The next time we got a chance to operate the cooling system was with the SCT barrel in February 2007. Part way through some operational tests, one of the heaters developed a short circuit to ground. One of the connectors that take the power to the heater had failed in a spectacular way causing a small explosion. During our problems in October of the previous year, we had noticed that on some heaters the degree to which the heating element is electrically separated from electrical ground (the  isolation resistance) was not as good as it should have been. At the time, we had talked to the supplier and agreed on a way to recover a good value of the isolation resistance that we knew was due to the presence of very small amounts of water in the connector and cable. The heater that had failed had been one with a very bad isolation resistance value that had been repaired but it still failed. At first we thought it might be our handling of the heaters that caused problems but when we checked the heaters that were unused (and still in their delivery box), we found that some of them had the same problems. Within a few days our attention was focused on one particular geometrical region of the connector that had failed. We could tell where it was going wrong. We were concerned about some of the materials used in the construction and we were beginning to piece together how the failure could happen. Working with the supplier, we devised a repair scenario for the connector which would prevent moisture from getting into the connector. We dried out the heaters and retrofitted about 500 sleeves over the connectors and prepared to re-install. 
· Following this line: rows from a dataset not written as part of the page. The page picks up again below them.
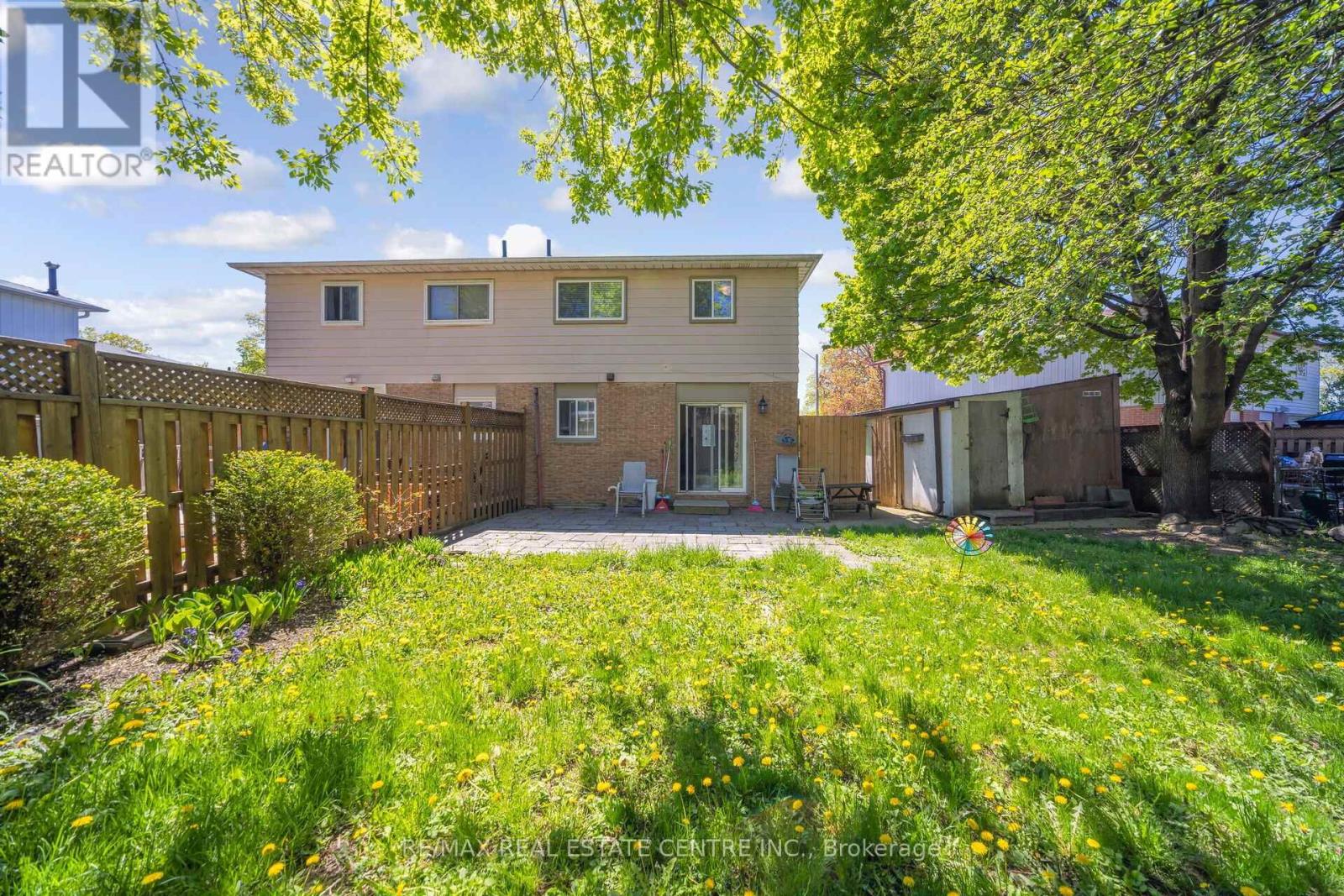 60 Chipwood Crescent, Brampton, Ontario  L6V 2E5 - Photo 50 - W12139876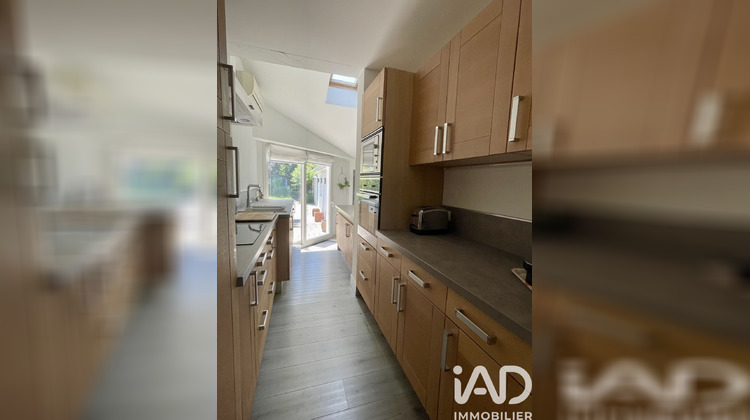 Ma-Cabane - Vente Maison Saint-Gilles-Croix-de-Vie, 116 m²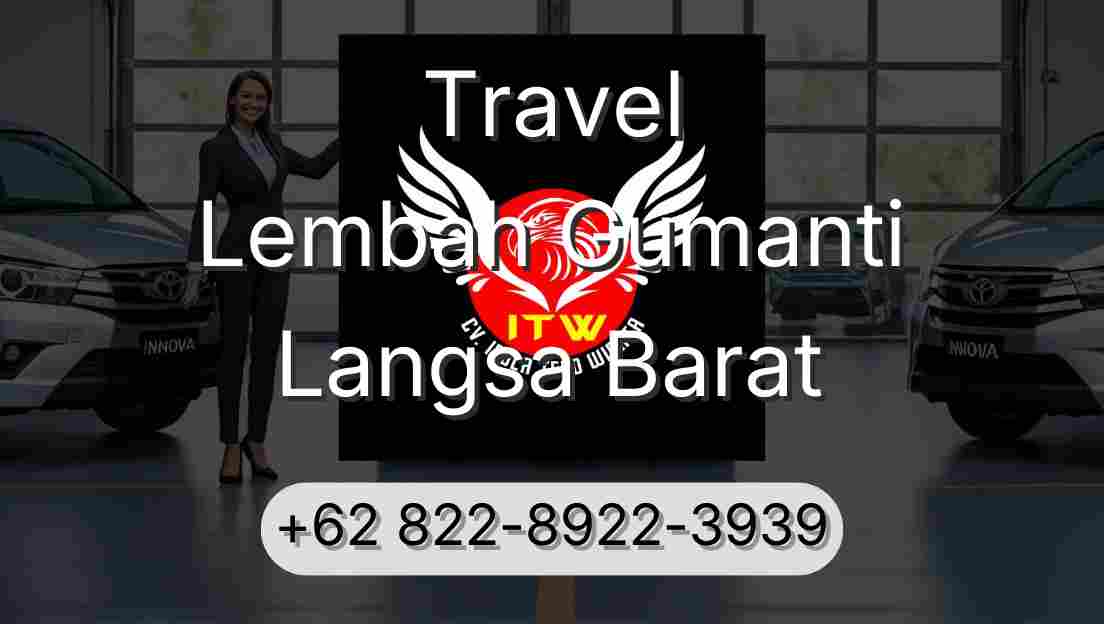 Travel Lembah Gumanti Langsa Barat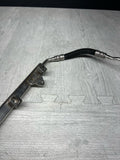 08-13 BMW E90 E92 E93 M3 V8 S65 Fuel Rails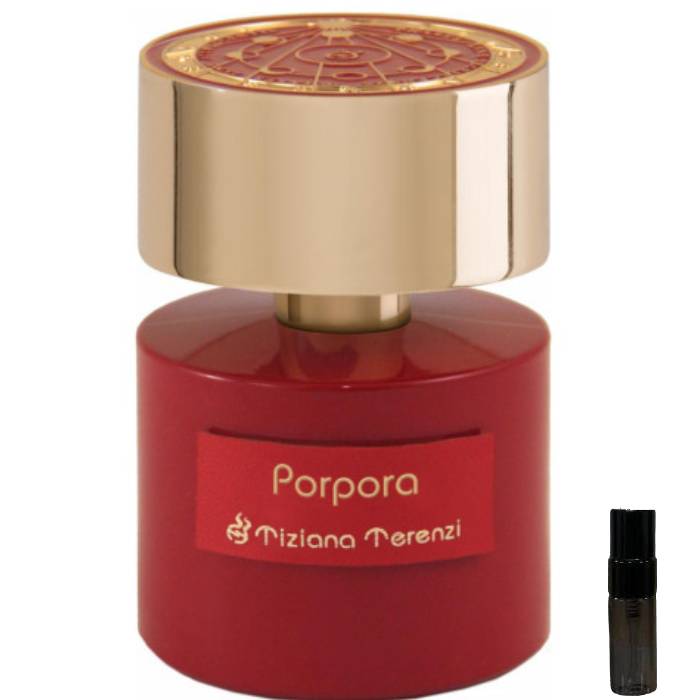 Tiziana Terenzi Porpora - Extrait de Parfum - LuxScents.nl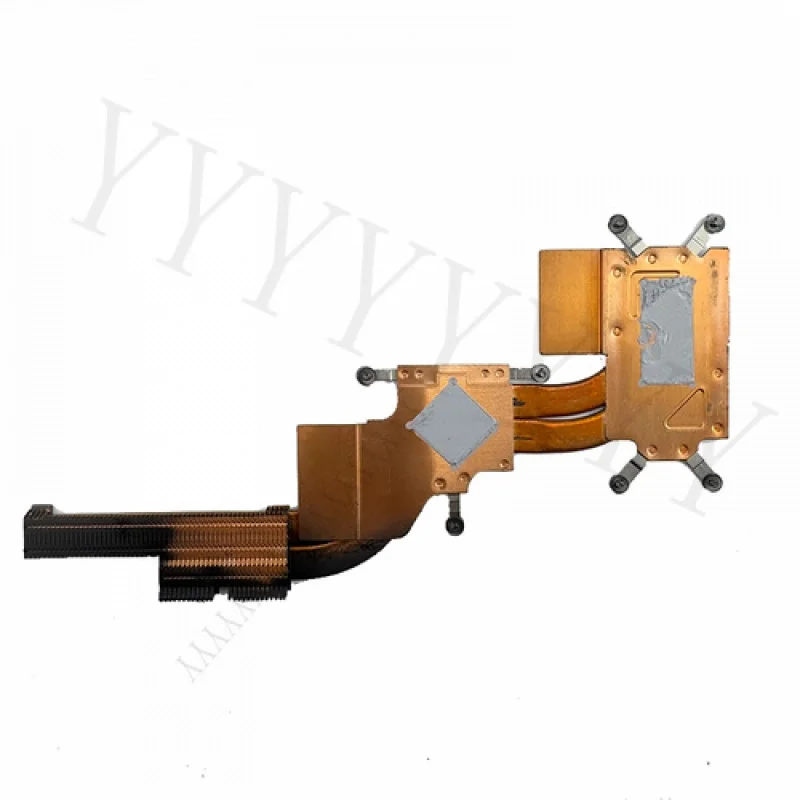 

Q+ Original for DELL Inspiron 5410 2-in-1 HEATSINK 012KT5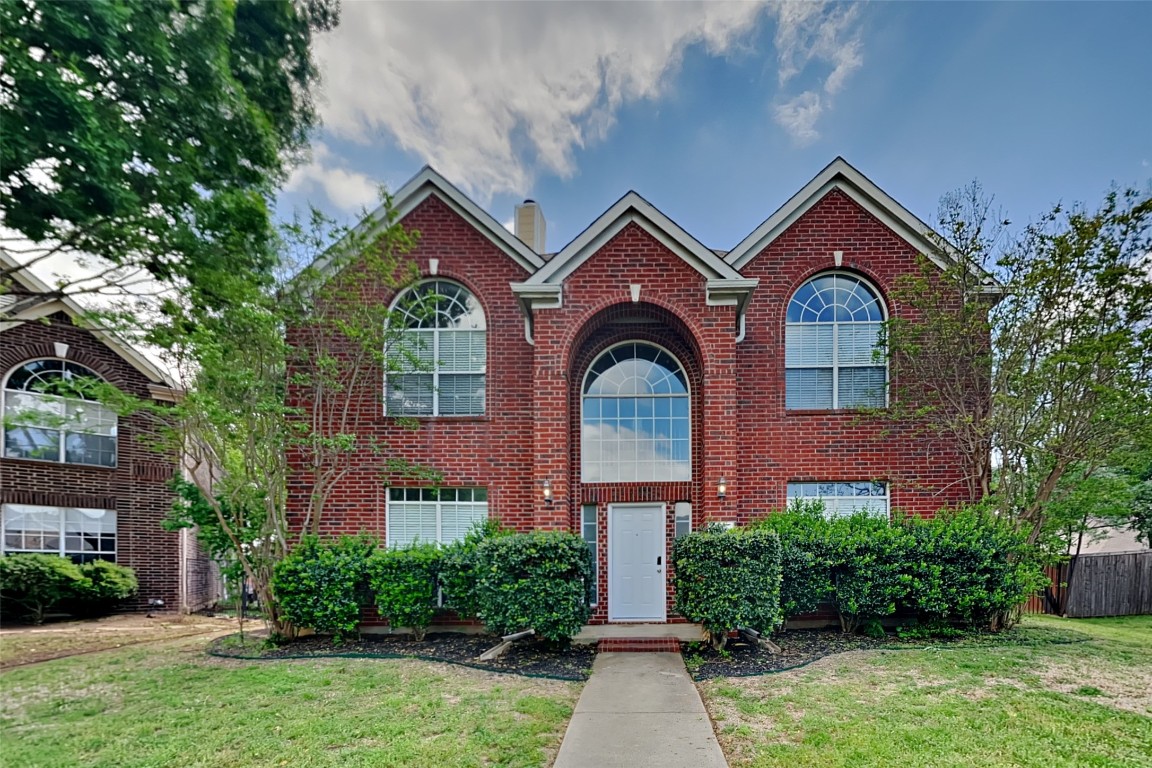 1808 Trail Ridge Lane Flower Mound TX 75028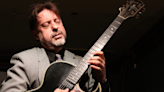 Jazz news: Guitarist/Composer Greg Chako Trio New Release 'Standard Roots' On May 3, 2024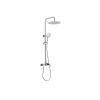 Columna De Ducha Monomando – Wind Blue RD – AQG – 21WBR24SUD01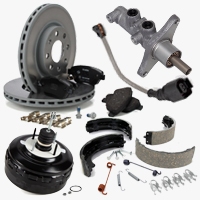 Bremsen / Bremsanlage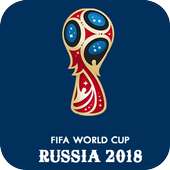 World Cup Russia 2018 - Fixtures & STANDINGS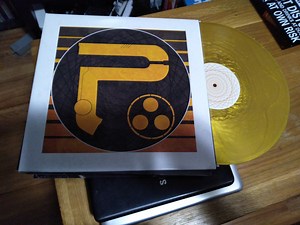 Periphery - Periphery III: Select Difficulty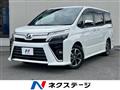 2018 Toyota Voxy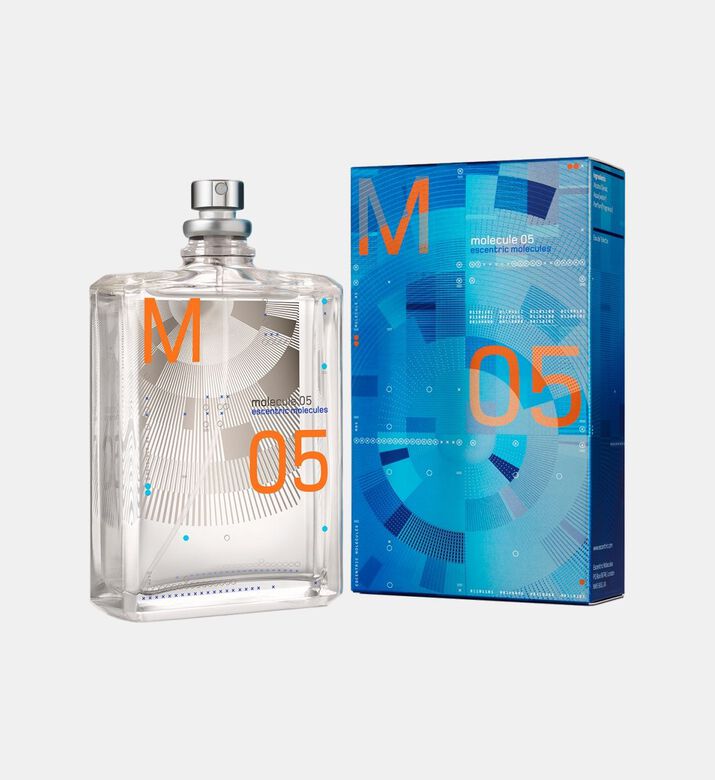 ماء عطر موليكيول 05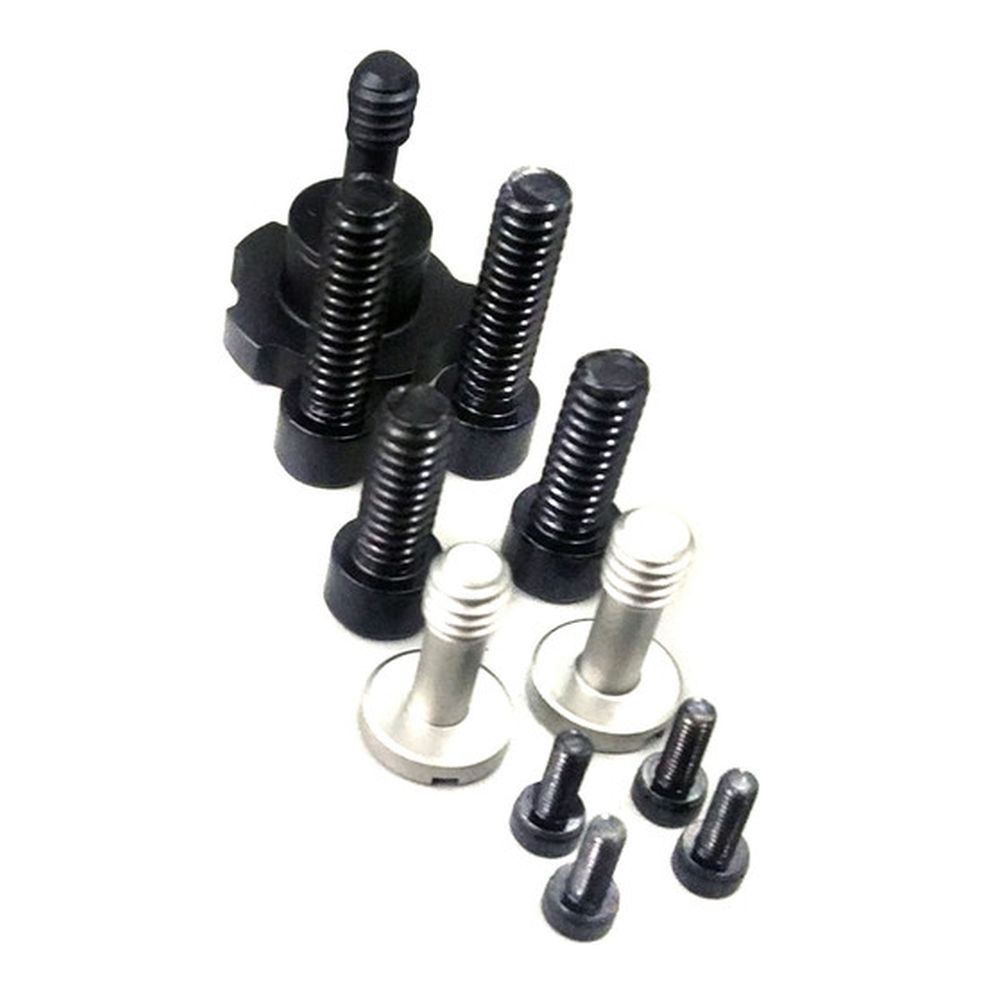 Blackmagic Camera URSA Mini - Schulterset Bolzen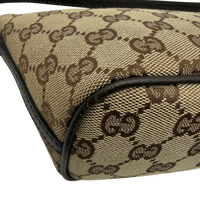 Gucci Handtasche Boat Baguette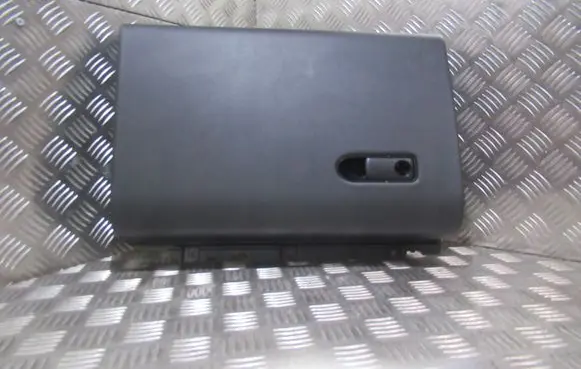 Mercedes-Benz Metris W447 Parcel shelf 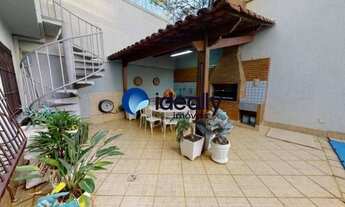 Imagem 3: Excelente Casa no bairro Dona Clara com mais de 390 m² excelente área gourmet, 04 quartos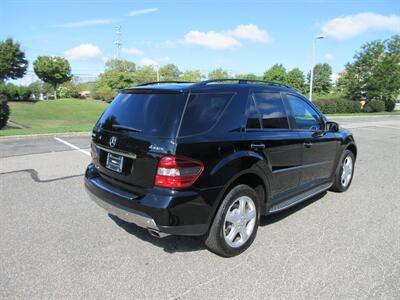 2007 Mercedes-Benz ML 350   - Photo 10 - Bohemia, NY 11716
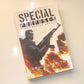 Special purposes: First strike weapon - Gavin G. Smith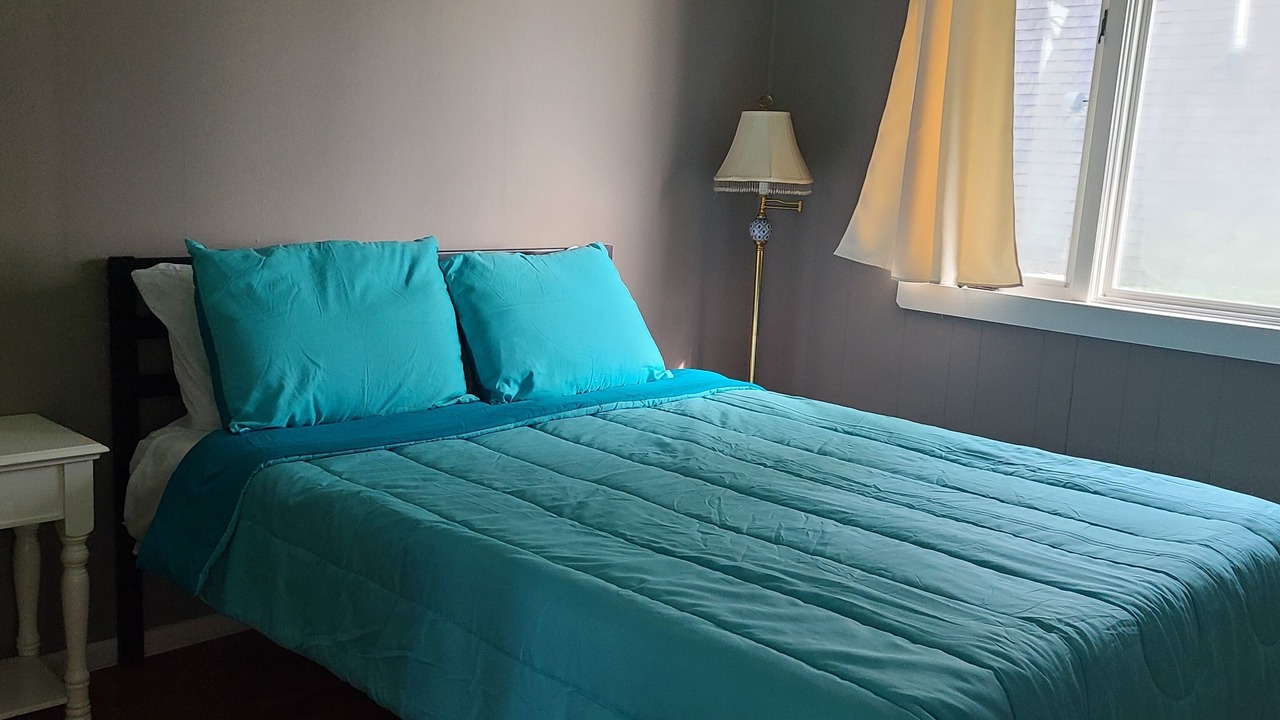 Photo of Bedroom in Lawton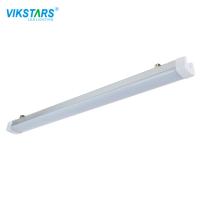 Suspension linéaire imperméable d'IP65 LED allumant la station de métro de 120lm/W 6500K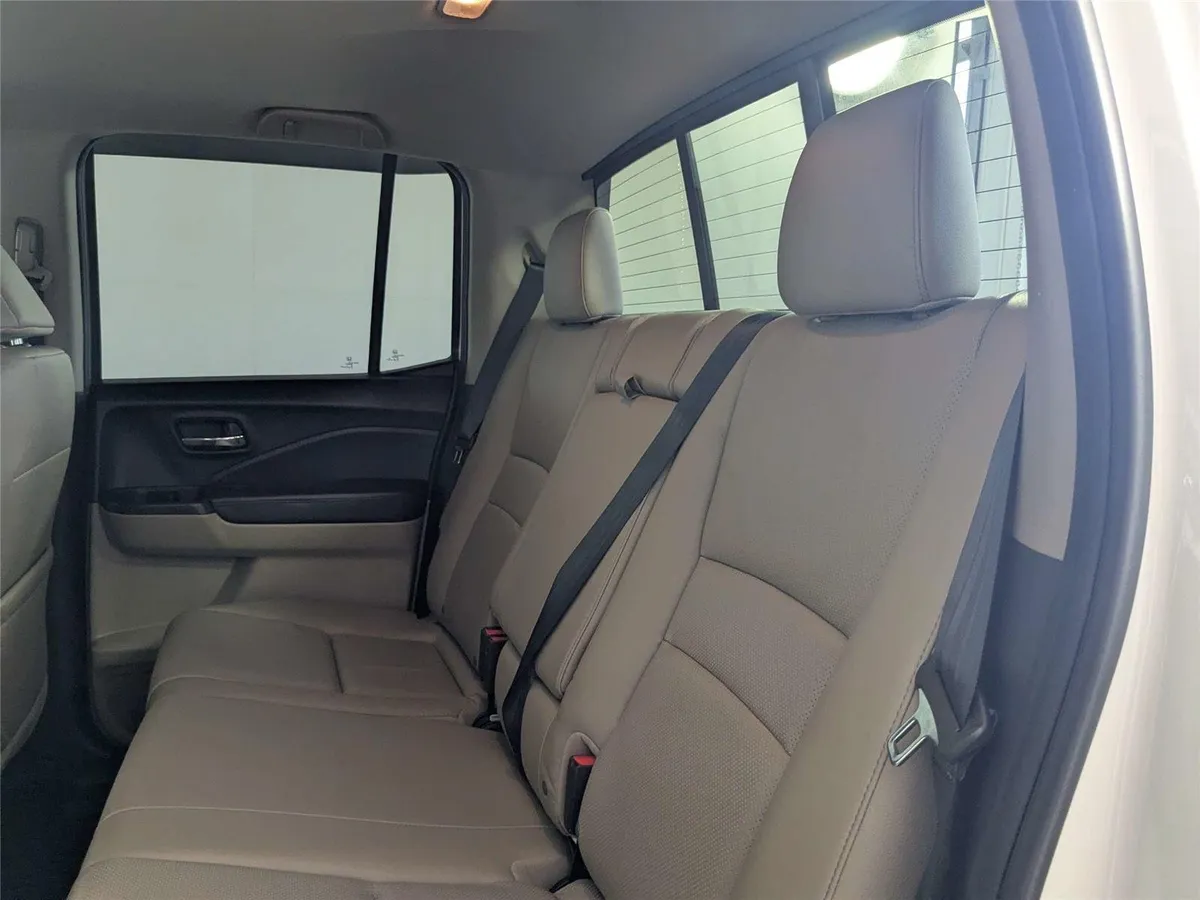 2019 Honda RIDGELINE RTLT thumbnail 36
Unfortunately after a few weeks the connectors failed again just before the ID end-caps were due to be installed. This revealed another much bigger headache as confidence in the heater was at an all time low. If we had proceeded with the installation of the ID EndCaps as originally foreseen we would have lost  access to the Barrel Heaters for 10 years and would have had no chance to repair them. In addition if we had installed the EndCap heaters in their original design location, we would have lost access to them when finalizing  the pixel installation. A decision was taken to move the location of nearly 120 heaters and their associated services to the end flange of the calorimeter, an area with very little space. So now we were fighting two battles: First we needed to find a solution to the heater connector problem with the supplier and second, we needed to re-engineer new pipe work in an already overcrowded area at the end of the detector. Between July and December 2007 both of these tasks were achieved with an enormous amount of effort by a lot of people inside and outside of the Inner Detector community. The design of the connectors was changed and new exhaust circuits were installed to connect and reuse the old ones inside the detector. Since then we have signed off the SCT Barrels and End-Caps with the new heaters and run all of the pixel circuits in test mode accumulating nearly 12,000 hrs of heater operation all without problems. 

In the mean time we have also started to look at new ways to solve this problem in case it comes back again in another form. One is a new kind of heater that is not a coiled wire but a printed circuit placed in the flow. The other is a passive system that uses a hot liquid to heat up the cold exhaust liquid from the detector. Work on these will start when the installation of the Inner Detector is finished in a few weeks. Let’s hope we never need them.